Both sets of figures are important data in themselves regarding the state of the world economy. However they also again reveal the error of one of the most influential theories of the present international economic situation – that probably most prominently promoted by Martin Wolf in the Financial Times and at book length in his Fixing Global Finance.
According to this theory the US balance of trade deficit is not principally caused by excessive consumption in the US but is forced on the US by excessive saving by Asian countries – notably China. Variants of the same thesis have been presented by Stephen Green of Standard Chartered, by David Cohen of Action Economics, by Brad Setser, by Michael Pettis of Peking University, and other authors.

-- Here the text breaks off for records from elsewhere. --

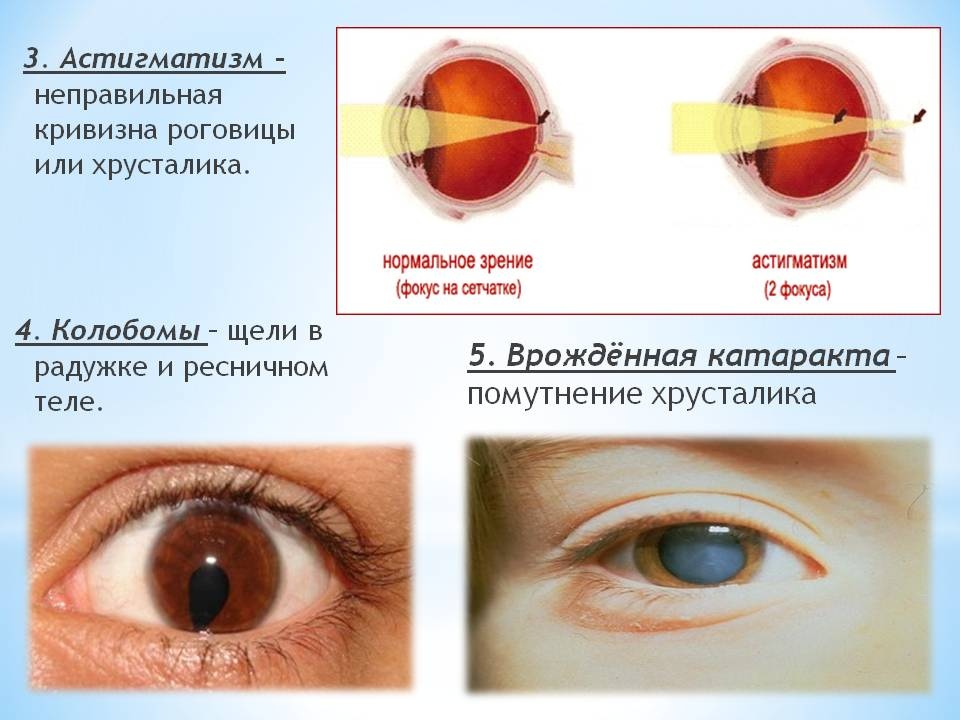Что после катаракты нельзя делать. Приосевой астигматизм. Острый миопический астигматизм. Врожденная болезнь глаз астигматизм. Миопический астигматизм слабой степени.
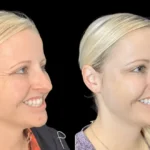 H1-Botox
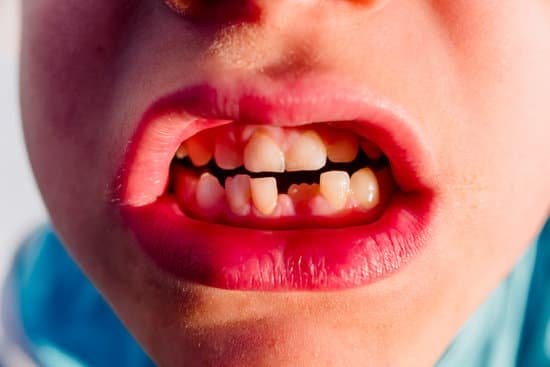 What Does It Mean to Dream About Losing Your Teeth? | by Decoding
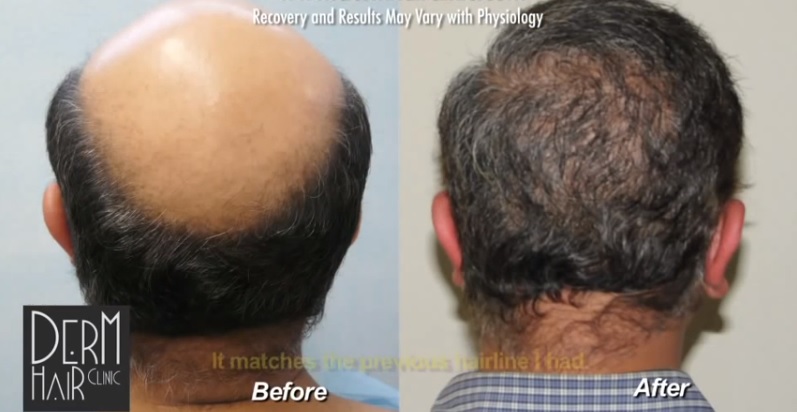 Baldness Completely Transformed By Hair Transplant Surgery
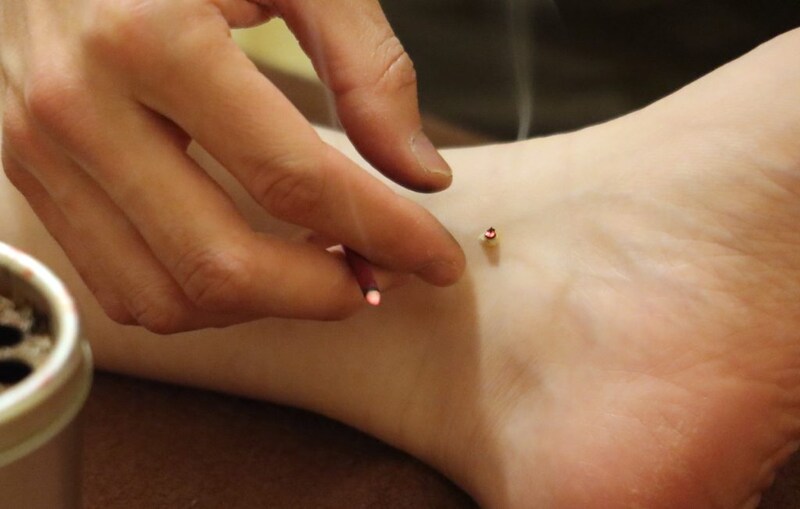 点火したもぐさが燃える様子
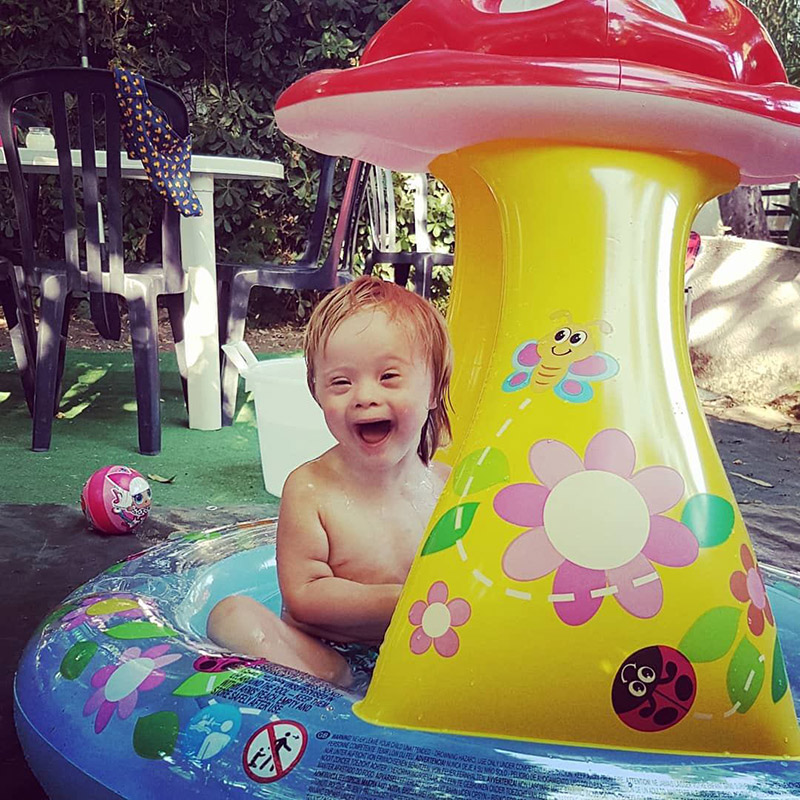 เด็กดาวน์ซินโดรม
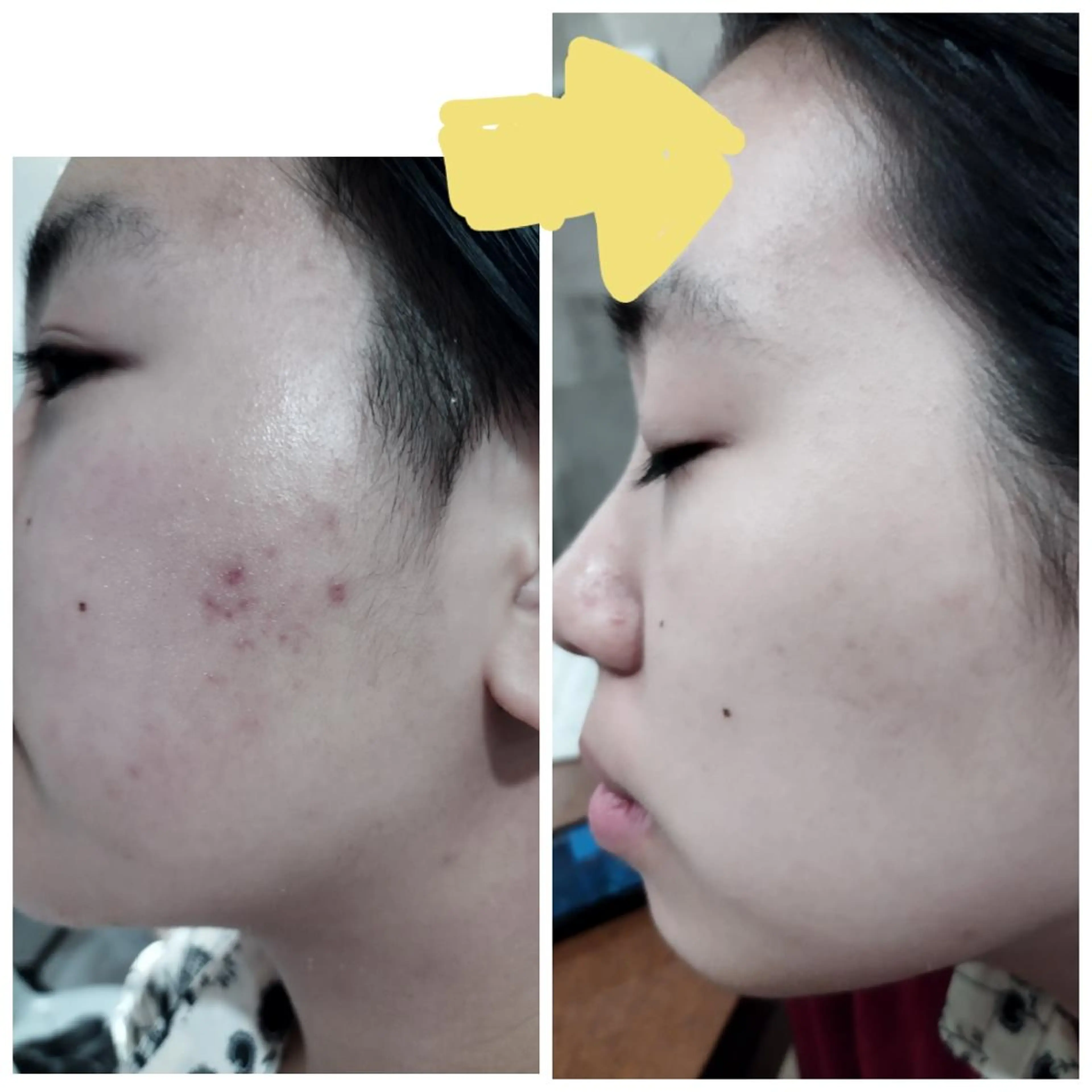 【美白より先の発光肌】低刺激で高い効果😉ニキビのお悩みにも。一度で透明感アップ✨芸能人ピーリングと話題の水光ピーリングの写真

The issue at stake in this is not primarily bilateral trade, which is affected by many elements, but the overall development of 'global imbalances' - i.e. the excess of China's domestic saving over domestic investment, reflected in its balance of payments surplus, and the shortfall of US domestic saving compared to its domestic investment which is represented by its balance of payments deficit.
If the theory is correct that the trade deficit is not primarily created by US excess consumption but is 'forced' on the US by the trade surplus of China then this has clear factual implications. A fall in China's trade surplus should lead to a shrinking of the US trade deficit, while a widening of the US trade deficit should be accompanied by an expansion of China's trade surplus.

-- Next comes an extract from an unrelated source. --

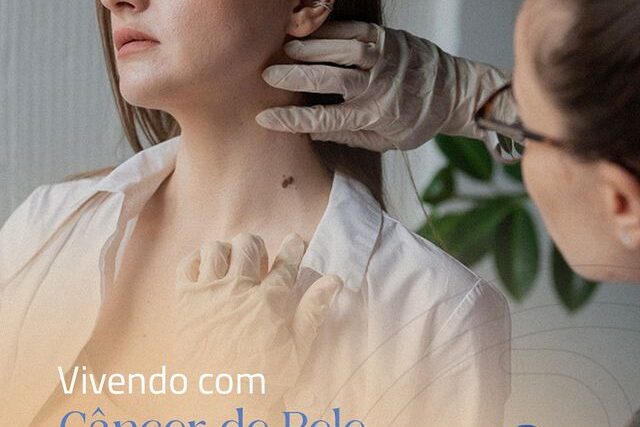 Vivendo com câncer de pele melanoma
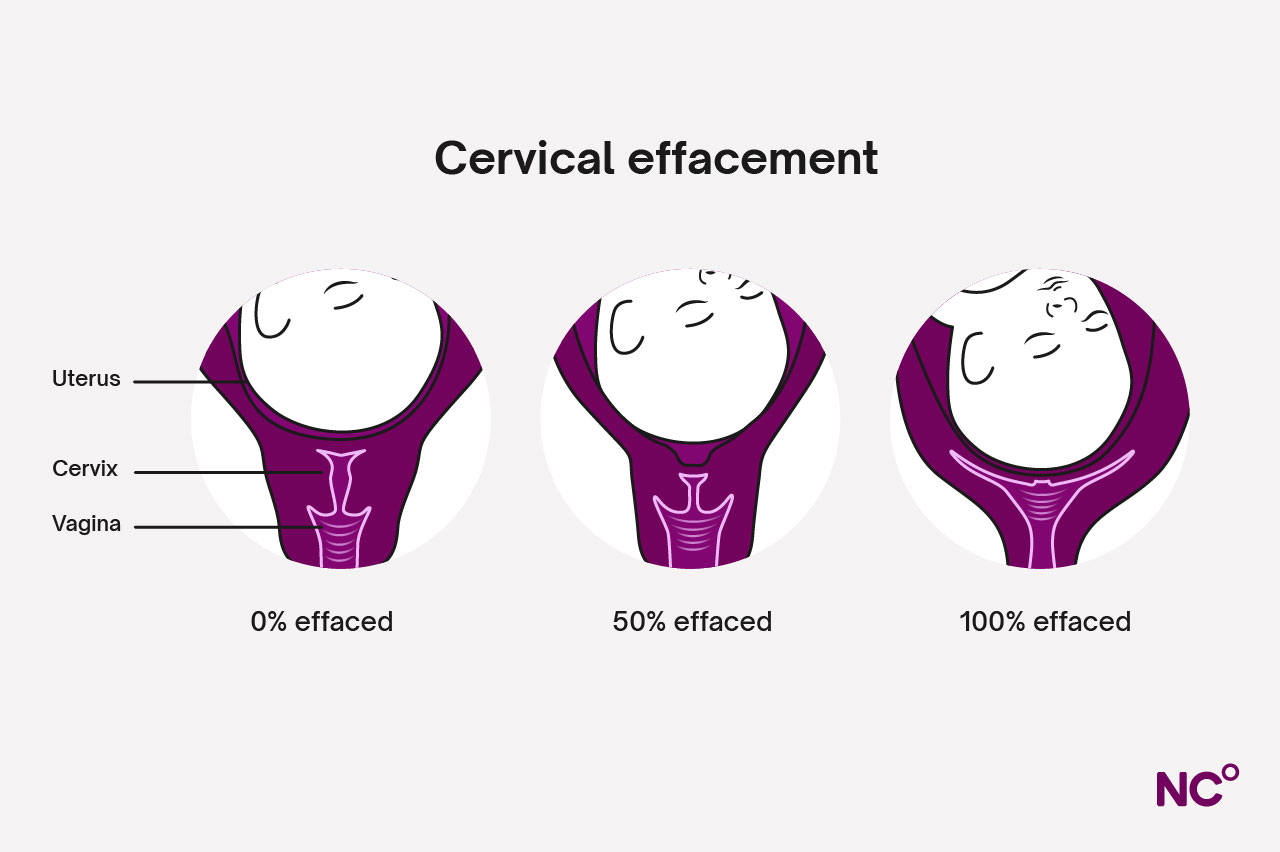 Diagram showing percentage of effacement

The theoretical errors of such an analysis have already been discussed elsewhere on this blog. The theory however is also clearly empirically refuted by the recent trends in the trade of the US and China.
Considering first China, its trade data for January 2010 show a shrinking of China's monthly trade surplus to $14.2 billion from $18.4 billion in December 2009 and $19.0 billion in November 2009. This is shown in Figure 1.
However it would evidently be unwise to rely simply on individual months data. Therefore Figure 2 shows a three monthly moving average for China's trade balance.
The pattern of development of China's trade is clear. Prior to 2005 China did not run a significant trade surplus. A surplus then developed which peaked at the end of 2008/beginning of 2009. Since then China's trade surplus has sharply fallen.
China's monthly trade deficit, measured by a three monthly moving average, rose from $16.9 billion at the beginning of 2008 to $39.4 billion in January 2009, then began declining from February 2009 and had fallen to $17.2 billion by January 2010.
Figure 1
Turning to US trade data, the figures for China show that the latter's trade surplus shrank from February 2009 onwards. Therefore if the US trade deficit was being 'pushed' by China then the US deficit should have been contracting during almost all of 2009. In fact this did not occur - as can be seen in Figure 3 which charts the US monthly trade deficit. The US monthly trade deficit, having peaked in April 2008 at $62.1 billion, shrank rapidly to $26.6 billion in February 2009. It then reached its low point in May 2009 at $25.8 billion, and subsequently began to expand - reaching $40.1 billion in December 2009.
Figure 4 also shows the monthly US trade deficit calculated using a three month moving
average in order to make it strictly comparable to the figures for
China shown above.Taking a three monthly moving average the US monthly trade deficit reached a low
point of $27.1 billion in June 2009 and then began to expand again -
reaching $36.6 billion by December 2009.
However during this period when the US trade deficit was expanding China's trade
surplus was falling. Therefore the expanding US trade deficit could clearly not
have been 'pushed' by an expanding China trade surplus - as the latter
did not exist.
Figure 3
The conclusions that flow from such trade figures are clear. A theory of global imbalances which claims that the US trade deficit is 'pushed' by excessive saving by China, rather than pulled by excessive consumption in the US, is theoretically false - for reasons analysed elsewhere. But it is also refuted by the factual data. The fact that the US trade deficit has been expanding during a period when China's trade surplus has fallen shows clearly that the US deficit is not being 'pushed' by China, it is being 'pulled' by excessive consumption in the US.
Martin Wolf is one of the world's outstanding economic commentators. However on his analysis of the origins of global imbalances he is unfortunately wrong.